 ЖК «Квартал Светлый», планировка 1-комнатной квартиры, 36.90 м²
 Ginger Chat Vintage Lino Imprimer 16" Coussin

■ ■ ■

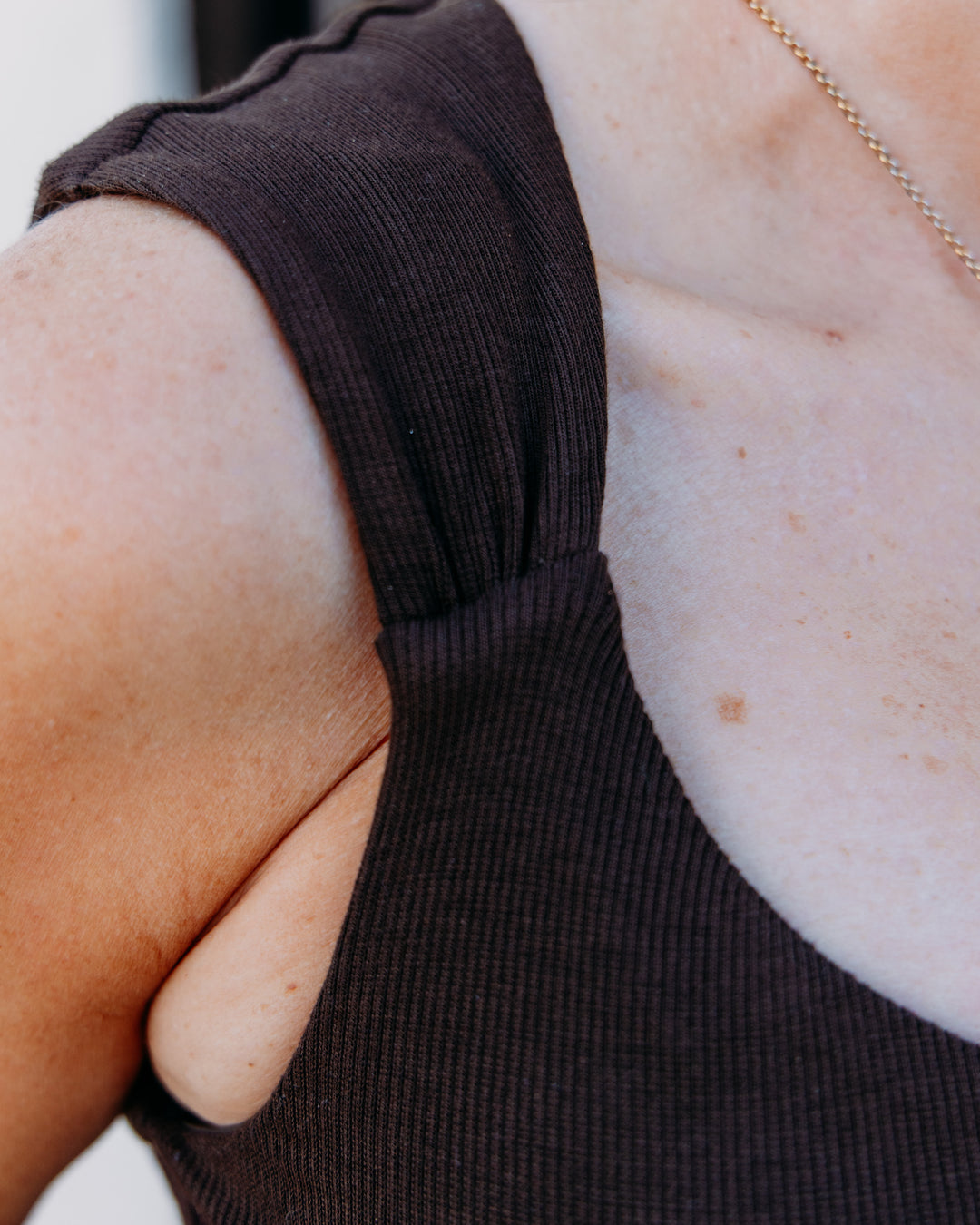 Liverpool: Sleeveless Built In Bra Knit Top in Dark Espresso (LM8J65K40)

■ ■ ■

> _EXERCISE INSTRUCTIONS_
Start with the line above that contains "квартиры, 36.90 м²" and end with the line that contains "Ginger Chat Vintage". Write out those lines exactly, and only those.

> _ANSWER BOX_
 ЖК «Квартал Светлый», планировка 1-комнатной квартиры, 36.90 м²
 Ginger Chat Vintage Lino Imprimer 16" Coussin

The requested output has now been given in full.